My coffee mate, retired Lt. Col. Jack Eskenazi, former bombardier and cruise control repairman, places a dollar bill on the walls of his merchant friends who worry about everything merchantary.

“Here’s a dollar. Let me put it on your wall. When you start to feel your worry coming on, call me and I’ll remind you that you’re all paid up, ’cuz there’s really nothing to worry about.”

Jack ought to know. He can drive all the way to Bellingham with his head down and doesn’t worry about it one bit.

One of my favorite authors is Raymond Charles Barker. “The Power of Decision,” Barker’s classic published

40 years ago, offers this thought provoker on page three:

“Troubles result when an unintelligent factor is introduced into a field of intelligent activity.

Worry is an unintelligent factor, as are fear, hate and resentment.

This list could include all the negatives known to man.

Here is the birth of the problem.

Worry is the gestation period during which a negative situation is produced by man’s thought and appears in his experience as a problem.”

Those preceding 65 words are a mind- full.

When was the last time you worried about something?

Why?

So what if gas prices suck?

So what if rice prices are boiling?

Why worry about what my neighbor does with his trees?

This morning I did that Ben Franklin thing.

No, not the thing with a kite, but the thing where Ben made a decision by dividing a piece of paper in halves, with a plus sign at the top of one side and a minus side at the top of the other.

Sort of a pros-and-cons ledger in the analysis of a problem or concern.

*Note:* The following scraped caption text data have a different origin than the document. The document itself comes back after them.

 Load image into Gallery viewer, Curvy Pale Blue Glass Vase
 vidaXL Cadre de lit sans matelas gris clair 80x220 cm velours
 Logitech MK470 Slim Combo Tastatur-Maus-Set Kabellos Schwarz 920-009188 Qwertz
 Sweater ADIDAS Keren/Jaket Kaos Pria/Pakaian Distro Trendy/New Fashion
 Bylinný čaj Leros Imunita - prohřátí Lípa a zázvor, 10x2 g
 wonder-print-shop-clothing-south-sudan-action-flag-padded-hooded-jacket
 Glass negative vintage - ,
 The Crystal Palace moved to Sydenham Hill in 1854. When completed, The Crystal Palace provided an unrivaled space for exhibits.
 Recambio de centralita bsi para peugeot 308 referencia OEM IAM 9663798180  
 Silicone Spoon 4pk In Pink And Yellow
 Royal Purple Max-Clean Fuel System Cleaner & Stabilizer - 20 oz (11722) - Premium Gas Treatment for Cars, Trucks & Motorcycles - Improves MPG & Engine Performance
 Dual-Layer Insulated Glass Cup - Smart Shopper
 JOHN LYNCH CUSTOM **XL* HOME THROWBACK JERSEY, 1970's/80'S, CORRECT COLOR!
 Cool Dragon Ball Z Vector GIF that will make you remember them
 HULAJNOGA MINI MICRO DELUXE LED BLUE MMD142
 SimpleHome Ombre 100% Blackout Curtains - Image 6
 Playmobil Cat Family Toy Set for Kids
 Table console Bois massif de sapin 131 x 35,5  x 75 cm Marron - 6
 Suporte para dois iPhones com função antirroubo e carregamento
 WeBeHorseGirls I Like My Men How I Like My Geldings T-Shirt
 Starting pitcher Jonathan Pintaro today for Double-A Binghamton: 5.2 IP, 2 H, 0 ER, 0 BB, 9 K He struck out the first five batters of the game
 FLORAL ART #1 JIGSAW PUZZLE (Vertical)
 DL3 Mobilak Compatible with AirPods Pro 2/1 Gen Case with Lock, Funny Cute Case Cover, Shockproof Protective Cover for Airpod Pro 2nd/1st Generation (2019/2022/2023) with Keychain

At the top of the page I asked this question: What good and what bad will it do for me to worry about this particular concern?

Guess what?

I had no entries on the plus side of the ledger.

Nada.

Zip.

Zero.

There was nothing good about worrying about any subject, any person or anything.

Oh my. What to do next?

Maybe I should call someone.

Surely they have something to worry about, even if I don’t.